Task to carry out: Please restate the data below word for word, omitting all images.

(Web page caption snippets)
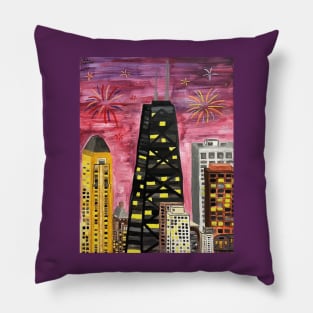 Chicago Night Skyline with Fireworks Painting Pillow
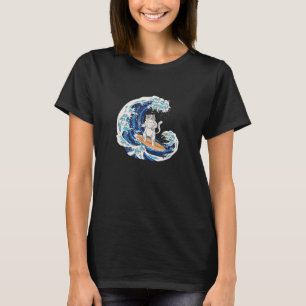 Cat surfing a Wave eating Sushi in Japanese Style T-Shirt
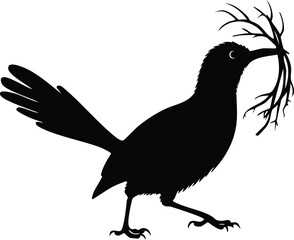 Elegant Birds Silhouette Vector EPS Bowerbird Nest Building Illustration -  High-Quality Vector Graphic of a Silhouette Bird Carrying Twigs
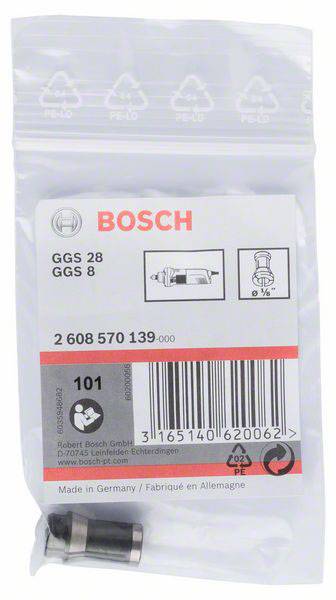 Eine Plastikverpackung von Bosch mit der Aufschrift 'GGS 28 GGS 8'. Darin befindet sich ein Metallersatzteil. EAN-Code und Recycling-Symbole sind sichtbar.
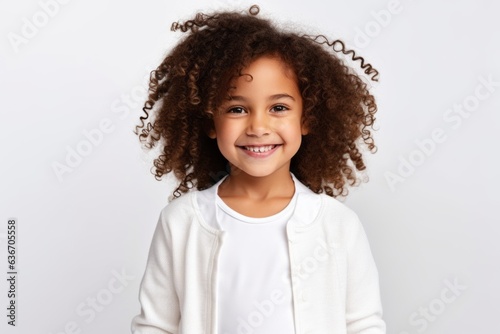 Medium shot portrait of a Brazilian child female in a white background wearing a chic cardigan photo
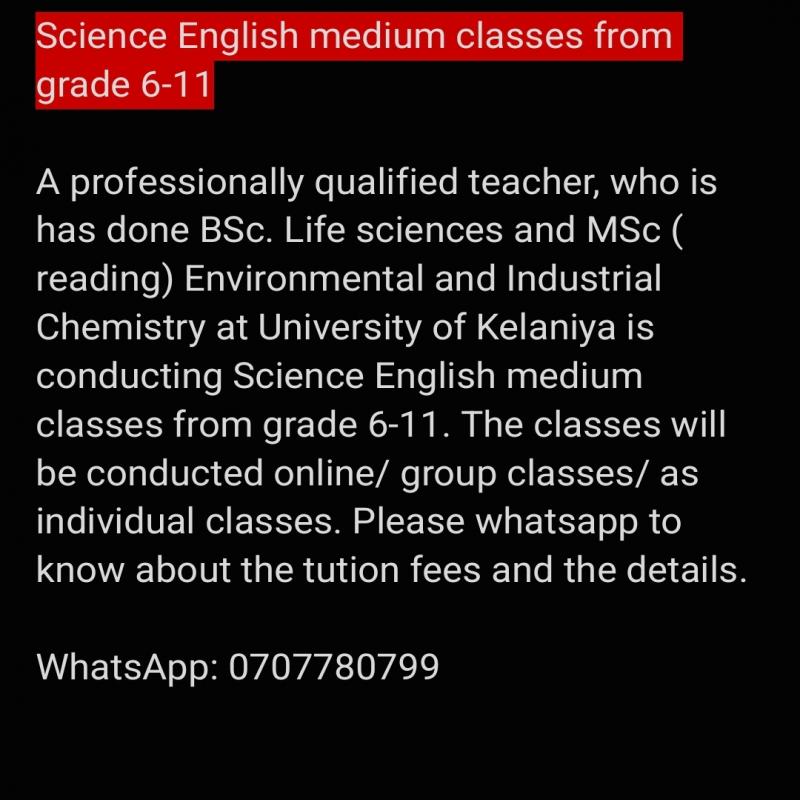 Science classes from grade 6-11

Exercise output:
 Chicago Night Skyline with Fireworks Painting Pillow
 Cat surfing a Wave eating Sushi in Japanese Style T-Shirt
 Elegant Birds Silhouette Vector EPS Bowerbird Nest Building Illustration -  High-Quality Vector Graphic of a Silhouette Bird Carrying Twigs
 Eine Plastikverpackung von Bosch mit der Aufschrift 'GGS 28 GGS 8'. Darin befindet sich ein Metallersatzteil. EAN-Code und Recycling-Symbole sind sichtbar.
 Medium shot portrait of a Brazilian child female in a white background wearing a chic cardigan photo
 Science classes from grade 6-11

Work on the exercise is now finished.